Abby is a delivery worker in New York, unseen and adrift, trapped in a dead-end life with overdue rent and indifferent roommates. To escape, she becomes “Chloe,” a composed, affluent woman who slips into luxury apartment showings and seduces realtors. The encounters are less about desire than the spaces themselves. For a fleeting moment, marble counters and glass towers let her believe she belongs in a world that will never be hers.

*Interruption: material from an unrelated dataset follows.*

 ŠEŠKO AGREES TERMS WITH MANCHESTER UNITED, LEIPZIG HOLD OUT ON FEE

When Abby’s double life collides, she meets Nick, a realtor she had unknowingly gone on a Tinder date with the night before. At first, their confrontation is tense—he sees through her act and resents being used. But in the stillness of a sunlit penthouse, something shifts. Abby confesses her secret ritual, admitting that sex in empty apartments makes her feel real in a life that otherwise disappears. Nick, in turn, reveals his own aching need to love and be loved, to fill empty rooms with permanence and meaning.

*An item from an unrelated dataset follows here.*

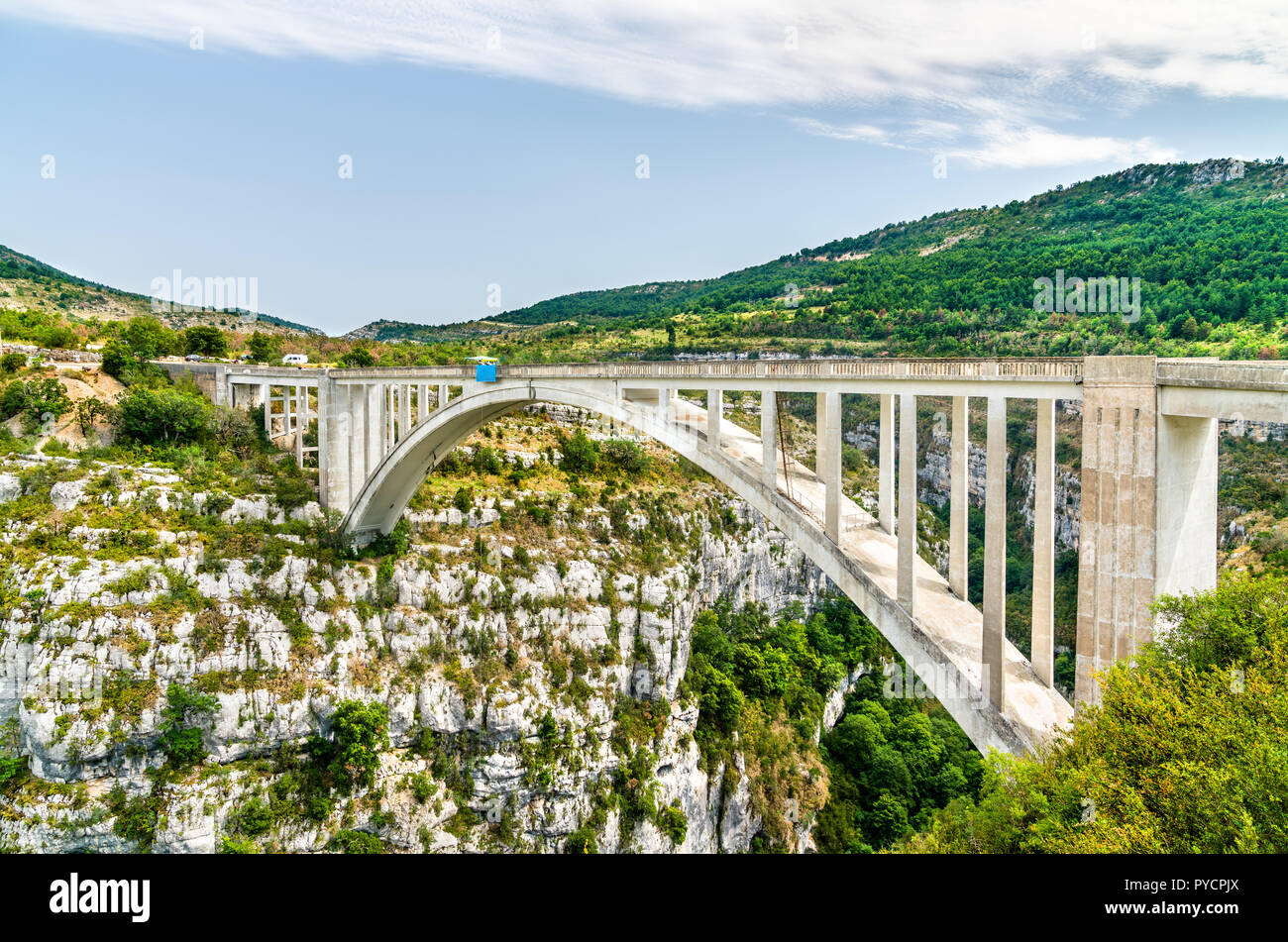 Pont De Chauliere High Resolution Stock Photography And Images Alamy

What begins as a game of seduction transforms into a raw and unexpected intimacy. Lying side by side on polished wood floors, not touching but almost, Abby and Nick glimpse a fragile connection neither expected to find.
Showing is a psychological drama that drifts toward bruised romance, a portrait of loneliness, class, and longing in a city built on glass towers. Intimate, unsettling, and tender, it asks what it means to belong to a place, to another person and to yourself.